Сергей Волков - Красный террор глазами очевидцев
Миронин начал называть фамилии лиц, сидевших в нашей камере.
— А Кислейко, а Колесников, а Луневский?
— Колесников и Кислейко приговорены…
— Но помилуйте, за что?
— Не спрашивайте меня об этом деле. Оно — настоящий кошмар!..
Миронин заволновался.
— Я отлично знаю всю подоплеку этого дела. В гибели Колесникова заинтересованы бандиты. Это их работа. Они имеют здесь своих агентов даже в президиумах… Неужели нельзя предотвратить гибель двух молодых людей, против которых нет решительно никаких улик? Это же чудовищно.
Следователь перебил его.
— Молчите! Здесь и у стен есть уши, — и добавил шепотом: — Если находите это нужным, предупредите их… Прощайте. Может быть, больше не увидимся…
Теперь пришла очередь Миронина утешать меня. Но он был сам не свой.
— Что делать, что делать… — ломал он руки. — Неужели все эти полные жизни люди, эти милые, ставшие мне такими близкими лица через несколько часов превратятся в изуродованные трупы?
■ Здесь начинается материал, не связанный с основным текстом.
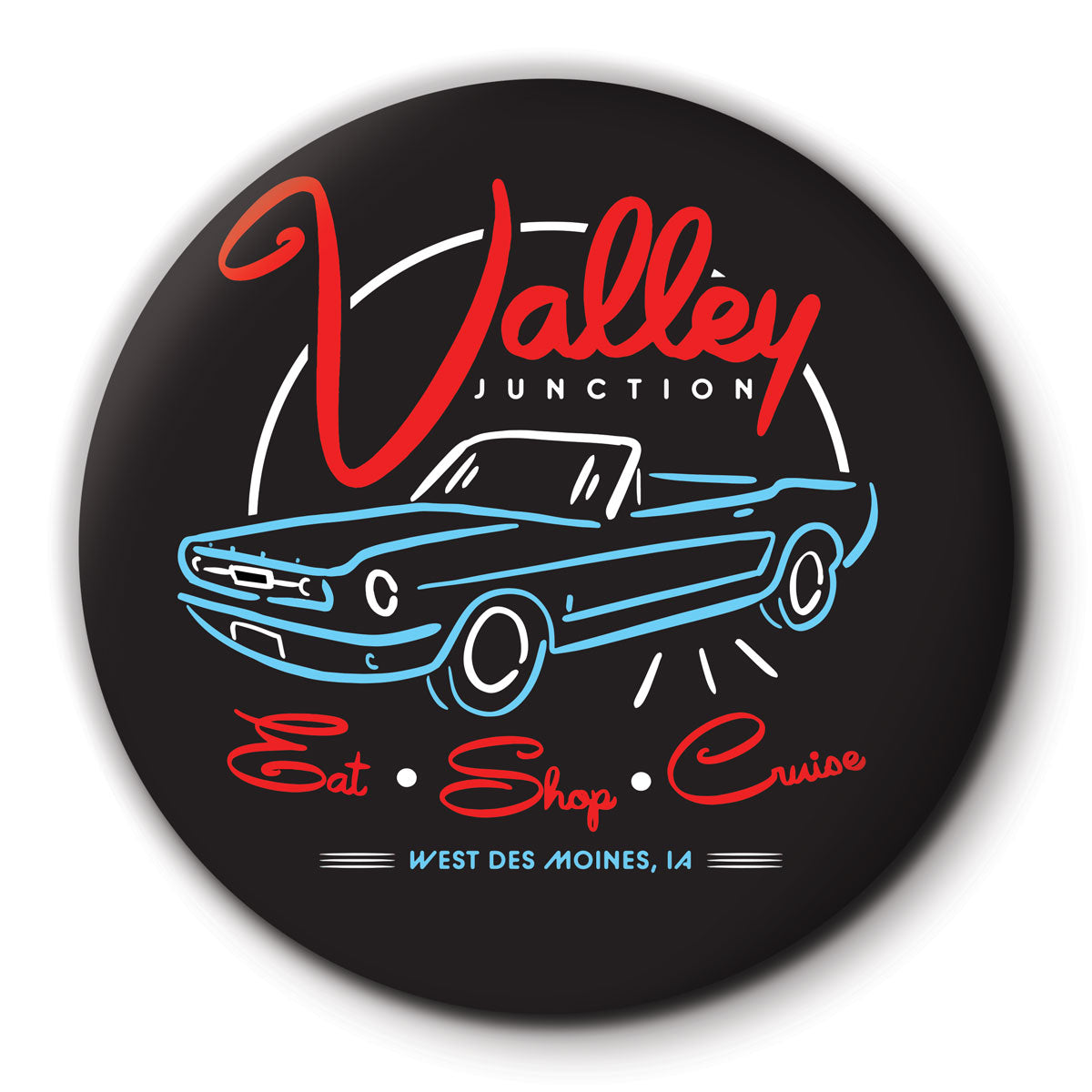 Valley Junction Eat, Cruise, Shop Round Coaster - Bozz Prints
Миронин снова подбежал к окну и начал спрашивать следователя про ожидающую меня участь. Отойдя от него, он с чувством пожал мои руки.
— Он говорит, что вам ничего не грозит. Насколько он знает, вы в списках смертников не значитесь! Пойдем наверх, предупредим несчастных.
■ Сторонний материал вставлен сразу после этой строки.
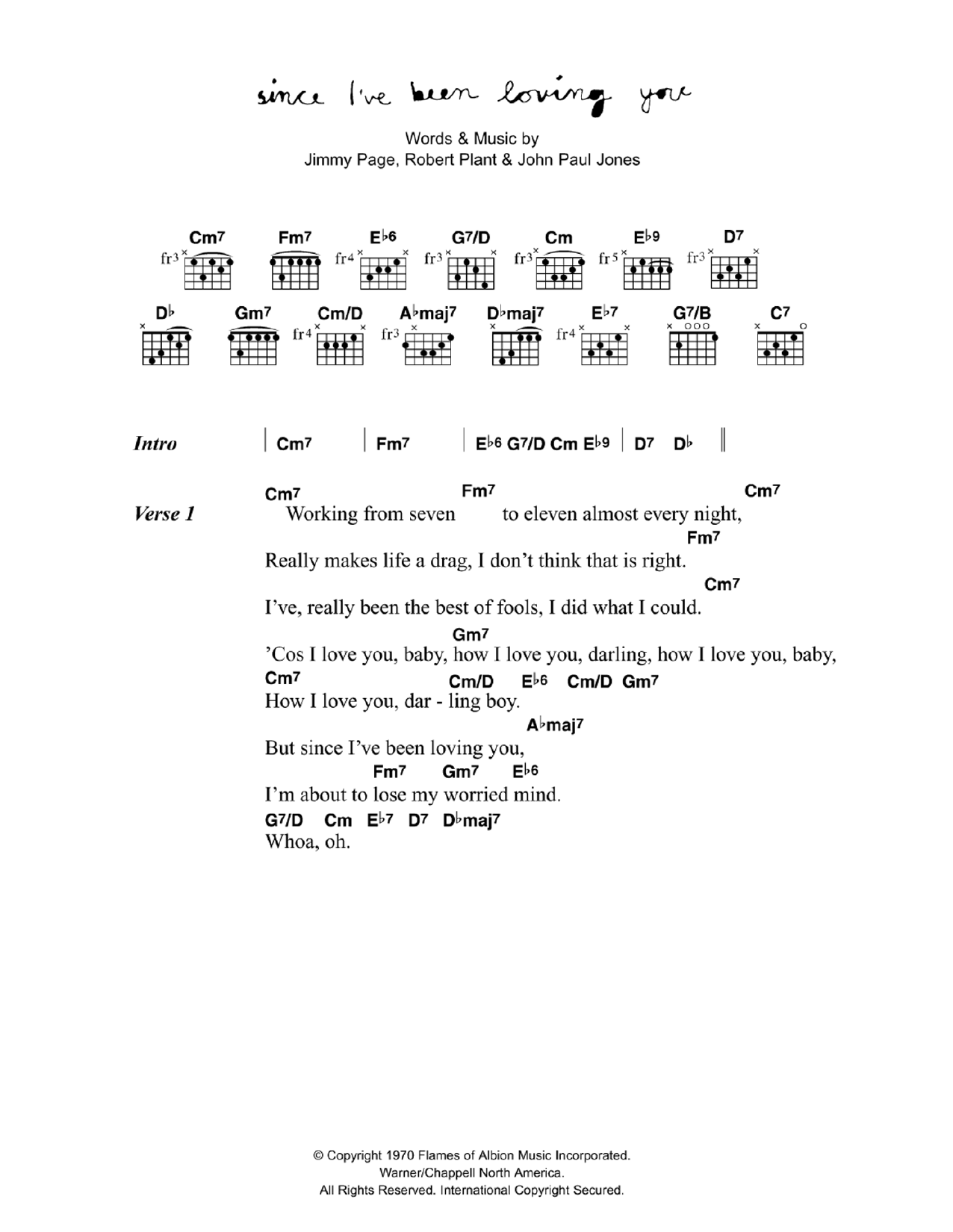 Download Corinne Bailey Rae Since I've Been Loving You Sheet Music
Мы взбежали по лестнице и вошли в нашу камеру. Навстречу Миронину бросился Луневский.
— Скажите мне правду, дорогой друг наш, вы ведь долго говорили со следователем… Скажите, меня казнят?
— Нет, нет, — проговорил Миронин.
— А Сережу Кислейко?
Миронин хотел что-то ответить, но голос его оборвался, и он зарыдал.
— Сережа… бедный Сережа!
И Луневский затрясся в истерическом припадке. Кислейко стоял тут же. Он слышал весь этот разговор. Неподвижное спокойное лицо его не дрогнуло, только губы стали совершенно белыми. Он подошел к Луневскому.
— Дик, не будь бабой!.. Я бывший офицер и сумею умереть…
В это время во двор вступил грузинский караул. В камеру вошел адъютант и стал вызывать фамилии.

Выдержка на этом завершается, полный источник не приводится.